中小企業でもオーナー経営者が会長に退き、姻戚関係でも何でもない人を社長に据えるようなケースもある。能力のある社長に完全に経営をまかせてしまうのなら、それは一つの方法であり、オーナーが経営するよりも会社が上手くいくこともある。

アメリカのカリフォルニア州のある中小企業を訪問した時のことである。社長との面会を約束してあり、決められた日時に会社を訪ねた。もちろん社長が出てきて挨拶したのだが、「ちょうどオーナーも在社しているので日本から来てくれたのなら挨拶だけでもしたいといっているが良いか」、という。ぜひご挨拶したいと答えると、オーナーが現れた。そこでオーナーと名刺を交換して挨拶したのだが、名刺の肩書きが副社長になっていた。

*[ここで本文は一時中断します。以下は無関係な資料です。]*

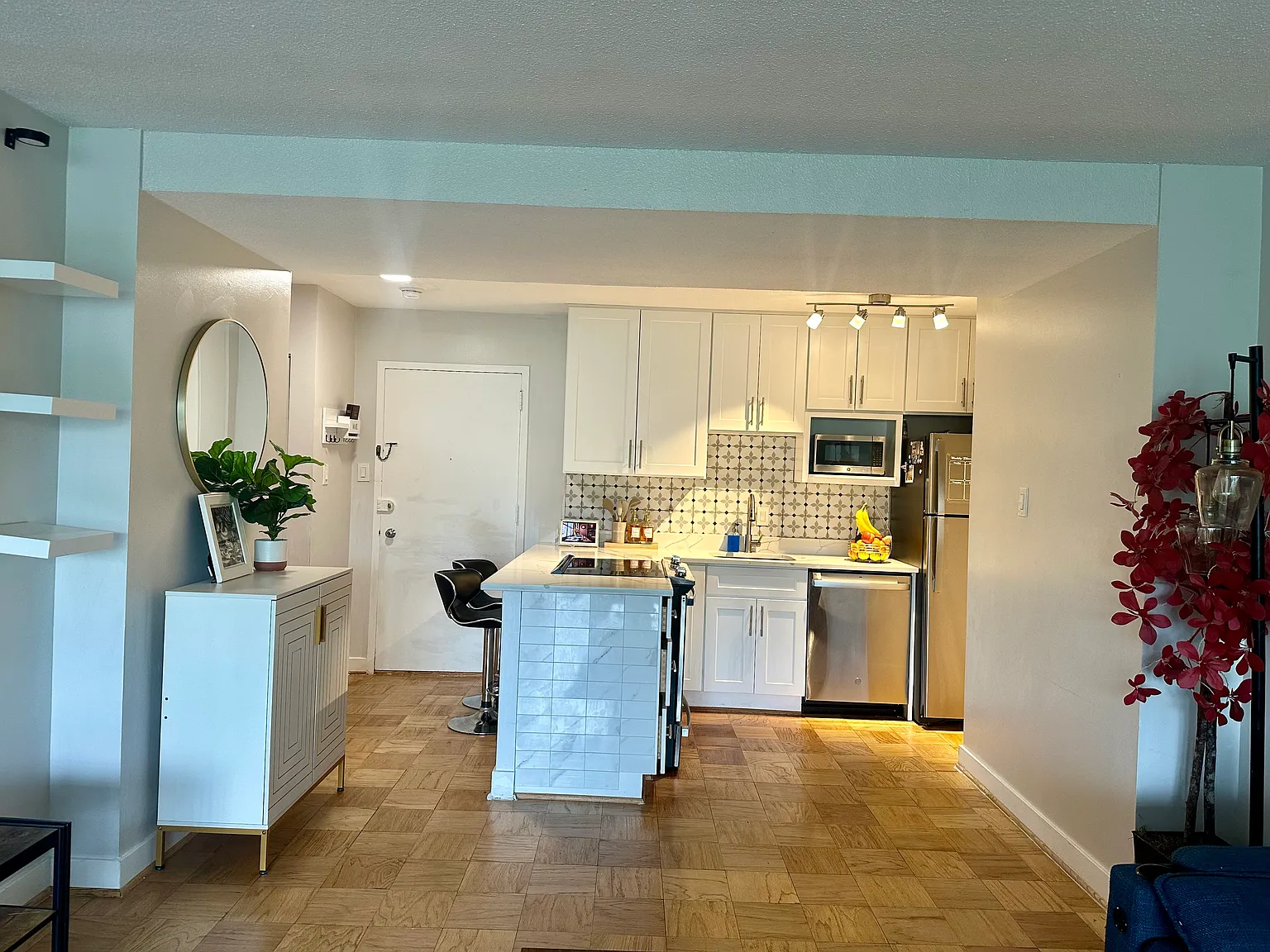1301 Delaware Ave SW — Photo 2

オーナーの副社長は、遠くからわざわざ来社してくれてありがとうといった後、「私はオーナーだが経営は社長が担当している。あなたは、わが社の経営に関することを聞きたいということのようだが、それは社長の担当なので彼に何でも尋ねてくれ。私は挨拶だけしてこれで失礼する」といって部屋を出て行ったのである。

その時、さすがにアメリカ的だな、役割が明確に分担されていて権限や責任がハッキリしている、と感心したものだった。同時に、日本だったらこんなことはないだろうな、とも思ったことがある。

国民性や民族性はもとより、企業風土も欧米と日本では異なるので、一概にはいえないだろう。しかし日本には、経営は任せるから社長の好きなように経営しろといいながら、実際には自分が総てを采配しないと面白くない、といったオーナーは少なくない。そのようなケースでは、社長が外部に助け船を求めるようなこともある。自分が何をいっても聞き入れないが、同じ内容のことでも外部の人がいえば話を真剣に聞く、といったことがあるからだ。そのような役割を果たしてほしいという話が、筆者にはけっこうくる。